Azure AI Video Indexer

Azure AI Video Indexer Cheat Sheet

Azure AI Video Indexer is a cloud-based service within Azure AI that leverages multiple Azure AI technologies like Face, Translator, Vision, and Speech to analyze video and audio content. It uses over 30 AI models to extract detailed insights from videos, enabling advanced audio and video analysis for richer understanding and indexing of multimedia content.

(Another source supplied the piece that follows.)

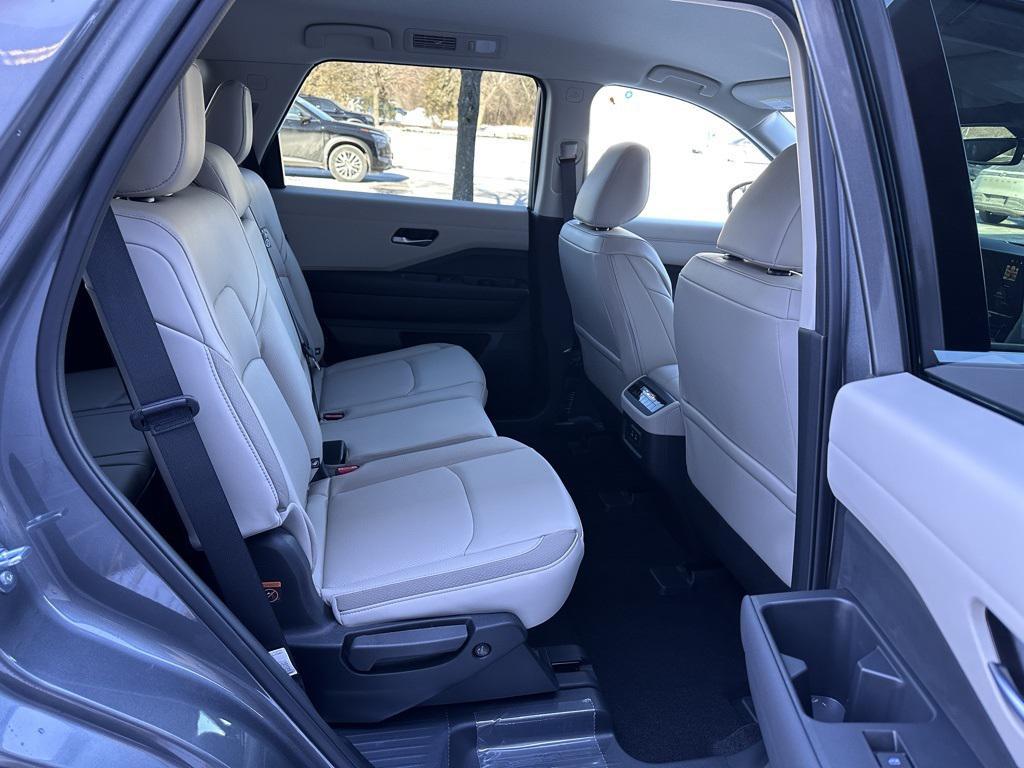 new 2026 Nissan Pathfinder car, priced at $42,172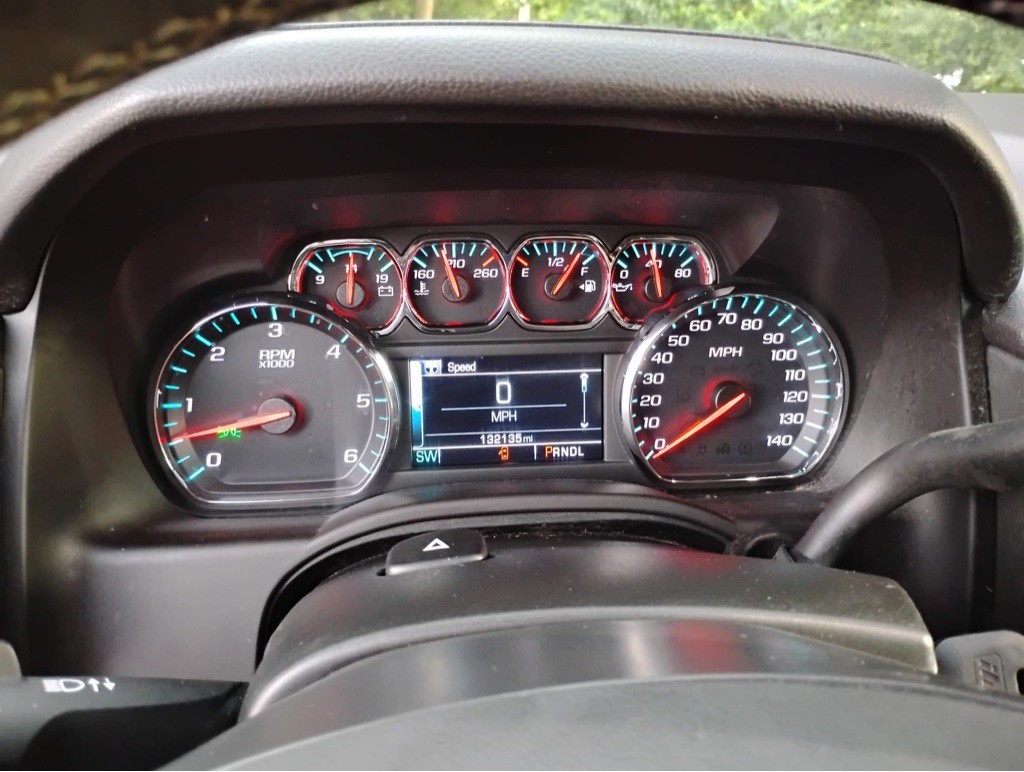 2017 Chevrolet Suburban Image 15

How can Azure AI Video Indexer be used?

Azure AI Video Indexer provides insights that can support a wide range of use cases, including:

Deep Search – Enables searching within videos for spoken words, faces, and co-occurrences to find specific moments quickly. Useful for news agencies, education, broadcasters, entertainment, enterprises, and any video library.
Content Creation – Facilitates creating trailers, highlight reels, and clips using keyframes, scene markers, and timestamps to easily navigate and edit video content.
Accessibility- Provides multi-language transcription and translation to support people with disabilities and distribute content globally in various languages.
Monetization- Enhances video value by supplying detailed insights to ad servers, helping industries deliver more relevant ads and increase revenue.
Content Moderation- Uses text and visual moderation models to detect inappropriate content, ensuring compliance with organizational standards by blocking or alerting users.
Recommendations- Improves user engagement by tagging videos with rich metadata to suggest relevant videos and highlight important moments tailored to user preferences.

🎥 Video models

Face Detection: Finds and groups faces appearing in videos.
Celebrity Identification: Recognizes over 1 million celebrities, including actors, leaders, and public figures, using data from public sources.
Account-based Face Identification: Custom trains face recognition models specific to an account to identify faces in videos.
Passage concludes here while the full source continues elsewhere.